# Shark attacks Abalone diver in SA



## Davey G (Jan 15, 2006)

SOUTH Australian Police have confirmed that an abalone diver was taken by two great white sharks while diving near Coffin Bay in South Australia. 
The diver is presumed dead after the attack which occurred about 25km west of Coffin Bay near the bottom of Eyre Peninsula.

Police told the ABC the diver was returning to the surface when two sharks, believed to be great whites, attacked him.

Inspector Brenton Saunders said the sharks are believed to have then swum out to sea with the man's body.

The skipper of the aluminium boat from which the diver was working saw the attack which happened south of Perforated Island.

He arrived at the Point Avoid boat ramp in the Coffin Bay National Park about 6.30pm and was treated for shock by paramedics.

It was not known exactly what time the shark attack happened.

Read more: http://www.news.com.au/national/diver-m ... z1EFxz6KtL


----------



## Bretto (May 23, 2010)

Sad to hear, but he should of had a shark shield equipped.


----------



## Marty75 (Oct 23, 2007)

Tragic and bloody scary...

Wonder if he did have a shark shield... poor bugger.


----------



## Zed (Sep 18, 2006)

If I'm to be eaten by 2 whites at the same time, it was my time to go. No question.


----------



## TheFishinMusician (Feb 5, 2007)

Yep, tragic for his family.
Just watching abc news like rob said & the guy was an advocate of shark shield, even appeared on the website. Had an interview with one of his colleagues saying the bloke would Never dive without one.
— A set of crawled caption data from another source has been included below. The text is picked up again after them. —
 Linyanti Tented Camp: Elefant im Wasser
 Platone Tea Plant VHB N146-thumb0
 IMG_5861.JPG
Perhaps it was turned off as he was returning to the boat @ the time? 
Dunno.


----------



## AJD (Jul 10, 2007)

Tragic but "Coffin Bay"? :shock: 
Wouldn't have got me in the water there for a truck load of rubbery abalone!


----------



## solatree (May 30, 2008)

AJD said:


> Tragic but "Coffin Bay"?


It wasn't in "Coffin Bay" which is quite sheltered- It was in "Avoid Bay" :shock: which is open to the Southern ocean.


----------



## AJD (Jul 10, 2007)

solatree said:


> AJD said:
> 
> 
> > Tragic but "Coffin Bay"?
> ...


OK that makes sense! :shock:


----------



## solatree (May 30, 2008)

AJD said:


> OK that makes sense! :shock:


Yep - Just around the tip of Eyre Peninsula from Cape Catastrophe and just east of Anxious Bay :?


----------



## AJD (Jul 10, 2007)

solatree said:


> AJD said:
> 
> 
> > OK that makes sense! :shock:
> ...


mmm - South Australia "The feel good state"


----------



## eagle4031 (Jan 29, 2010)

he normally uses two shark shields
however it is customary to turn these off to put in boat - i believe
in any event - most tragic
it does not mean the shark shields did nt work - no one knows yet - exactly - whther they were on or off


----------



## FazerPete (Mar 10, 2009)

It's an absolutely tragic event and I feel for his family.
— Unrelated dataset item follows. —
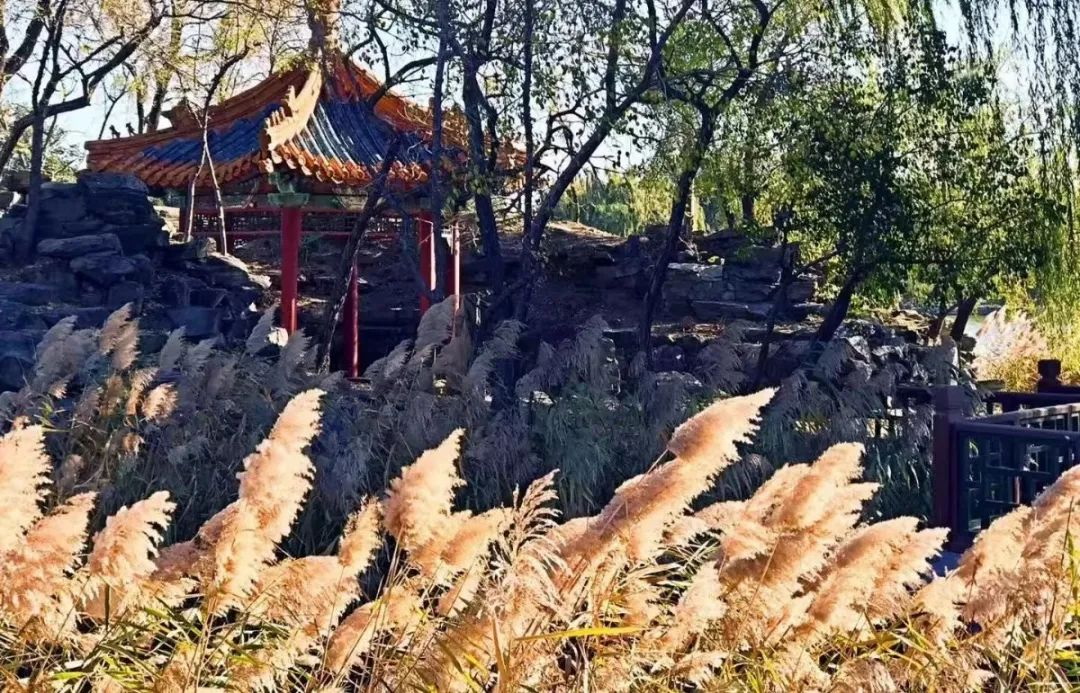 剪辑_2.jpg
On a side note I was Listening to ABC radio this afternoon and the head of the abalone fishing body in SA was questioning the protection of great whites who have grown in number because there is an increase of fish in the bay. I find it a bit sad that there are still people out there with the old "kill anything in the way" philosophy. There must be other measures that can be taken like more pros using self propelled cages rather than just wiping out sharks.


----------



## Brc226 (Jul 31, 2009)

Very sad. That is the second case (that I can remember) where a person has been attacked be 2 GW Sharks in SA. The other was a few years ago off West Beach when a young fella was grabbed by 2 whites when he jumped in the water to ski behind a tinnie - just completed Metric as I recall and was celibrating with friends.
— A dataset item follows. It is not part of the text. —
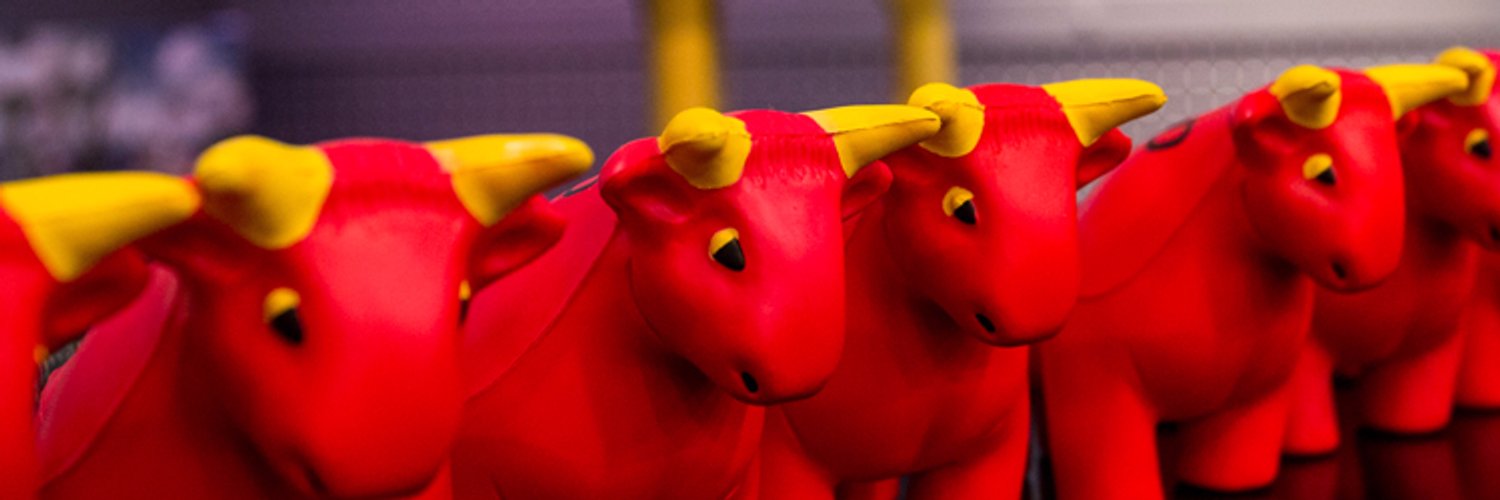 sachinseys's profile banner image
Zed has a point.... 2 whites at once is more than a little unusual.

Condolences to his family.


----------



## eagle4031 (Jan 29, 2010)

the answer is not in hunting them down. i think we need to look at the abundance of their food. for example - are tuna overfished??
we also need to consider the fact that since 1970 the increase in people diving has been dramatic let alone the surfers boaties swimmers etc.
snapper are also like by the great white - the more we protect fish stocks, whilst still allowing fishing, the more we will keep the balance within the oceans and therefore humans will not be a part of the food chain - except by accident - right place worng time


----------



## Zed (Sep 18, 2006)

Here in CA (USA) we have had the MMPA (Marine Mammal Protection Act) since 1972. And since then elephant seal, sea lion, harbor seal populations are up and at the topend of their sustainable numbers. They take over moored boats, marinas and beaches and due to the MMPA no one can do anything about it. This fact welcomes more whites. Among fishermen, seeing a white taking out a sea lion would warrant a standing ovation for the shark. Trouble is, surfers and divers can get mistaken for a pinniped. It's pretty difficult to be mistaken for a tuna. Are SA whites more into eating fish? What kind of pinniped pops do you have in SA?


----------



## GregL (Jul 27, 2008)

Whites don't attack humans because they can't find a tuna. :? :? :? - or kingie, or dolphin, or groper, or squid, or snapper, or crab, or seal, or whale, or other shark or anything else they usually eat that isn't targetted in large numbers by pro fishermen.
They attack humans because we're frickin' easy to catch.
If we're easy to catch then why isn't the regular food source of divers, swimmers or surfers being targetted by sharks?
Because we have bugger all nutritional value compared to seals or large fish.
We are off the menu.
If you get hit, like this poor fellow, you are incredibly unlucky to have been in the wrong place the wrong time with a fired up noah that has mistaken you for something else.

Overfishing tuna is not a reason and never will be - it is Green propoganda.
Don't get me wrong, I'm all for the Green cause - especially when it comes to overfishing - but only when they produce facts and figures rather than theories.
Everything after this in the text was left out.